Alam bawah sadarku mengetuk fikiranku. Kututup tirai tipisku, lalu berbalik.

"Sadarkan dirimu, Mary." Gerutuku sembari memegagi dadaku yang terasa nyeri karena debaran jantungku yang tidak karuan.

Daripada memikirkan tubuh Nathan yang baru kusadari bahwa dia sangat seksi, aku membenamkan tubuhku ke ranjang empukku. Menatap kipasku yang berputar di langit-langit, dan tubuh Nathan terbayang di hadapanku.

Sial

Sial

Sial

Ada apa denganku sebenarnya?

to be continued

Senyumnya

Tiap gerakannya, setiap senyumnya, lesung dipipinya, membuat waktuku seakan berhenti begitu saja. Aku buta, karena duniaku telah berpusat padanya. Hanya padanya.

_________________________________

Detik demi detik terasa begitu sangat lama sekali, sedangkan aku tidak tahu lagi apa yang sedang dibicarakan oleh Profesor Duchen Calahan, sesuatu tentang Prosa? Entahlah, aku terus sibuk memandangi jam di dinding 8.30 saat ini. Sial, jantungku berdebar lebih cepat jika aku gugup. Pertandingan Nathan hanya 30 menit lagi, apa aku bisa tepat waktu sampai disana? Aku tidak ingin terlambat menyaksikan pertandingan itu, lebih tepatnya aku tidak ingin terlambat untuk memberikan dukungan sebelum dia bermain.

"Baiklah, sekian pertemuan hari ini, jangan lupa tugas minggu depan adalah mereview jurnal." Prof.Calahan mengingatkan kembali.

Karena aku benar-benar tidak sanggup menunggu lagi meski hanya satu menit, aku langsung berlari keluar dari kelas. Aku yakin, Profesor Calahan heran dengan tingkahku. Tapi, siapa yang peduli? Aku selalu mengerjakan tugasnya dengan sangat baik!

Aku tergesa-gesa sehingga berlari sekencang ke gedung pusat olahraga. Keluar dari gedung tempat kelasku berada, aku harus melewati satu blok lagi, aku terus berlari tapi rasanya begitu lamban meski aku sudah menambah kecepatanku. Mungkin setelah ini aku harus diet. Demi Tuhan, kenapa gedung itu begitu jauh. Kenapa Manchester University sangat luas?

Setelah berlari begitu jauh, akhirnya aku berhasil masuk kedalam gedung ini. Banyak orang yang sudah duduk di tribun, bersorak untuk tim yang mereka dukung. Aku menoleh ke kanan, lalu ke kiri, menyusuri seluruh isi gedung hanya untuk mencari rambut gelap ikal milik Nathan.

"Dimana dia?" Gerutuku, lalu kulihat lagi jamku, 8.55. Seharusnya tiap tim sudah bersiap di tempatnya masing-masing. Aku mencarinya lagi, ketika semua orang bersorak karena tim pandu sorak sudah mulai menari.

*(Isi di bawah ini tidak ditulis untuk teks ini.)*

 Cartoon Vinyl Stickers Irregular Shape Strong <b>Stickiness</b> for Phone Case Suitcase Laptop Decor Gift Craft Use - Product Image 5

"Mencariku?" Suara Nathan mengejutkanku, hingga aku terperanjat. Aku langsung berbalik, dan mendapatinya berdiri di belakangku, ia begitu tinggi sekali jika dibanding denganku yang tidak lebih tinggi dari bahunya.

"Kufikir aku terlambat," ujarku dengan nafas yang ngos-ngosan, "kenapa kau baru masuk?" Tanyaku.

"Aku baru saja ke toilet, apa kau berlari kemari?" dia berbalik tanya saat menangkap wajahku yang mungkin penuh dengan keringat. Merengkuhnya dan dia menunduk sedikit agar wajah kami mendekat.

"Yeah, aku tidak ingin melewatkan satu menitpun!" Jawabku sambil mengangkat bahu. Sesaat kemudian, dengan telapak tangannya Nathan mengusap keningku yang penuh dengan peluh.

"Jangan membuat dirimu sendiri kepayahan, lihatlah wajahmu yang jelek jadi lebih jelek," ujarnya yang masih mengusap dahiku.

Berdiri begitu dekat dengan Nathan, aku bisa mencium aroma tubuhnya, ia beraroma Mint yang sangat segar sekali. Membuatku ingin memeluknya!

Sadarlah, Mary!!!

Aku menggelengkan kepalaku perlahan, membuang fikiran aneh itu dari kepalaku. Lalu kutatap Nathan, ia mundur satu langkah, memiringkan kepalanya untuk menatapku dengan lembut.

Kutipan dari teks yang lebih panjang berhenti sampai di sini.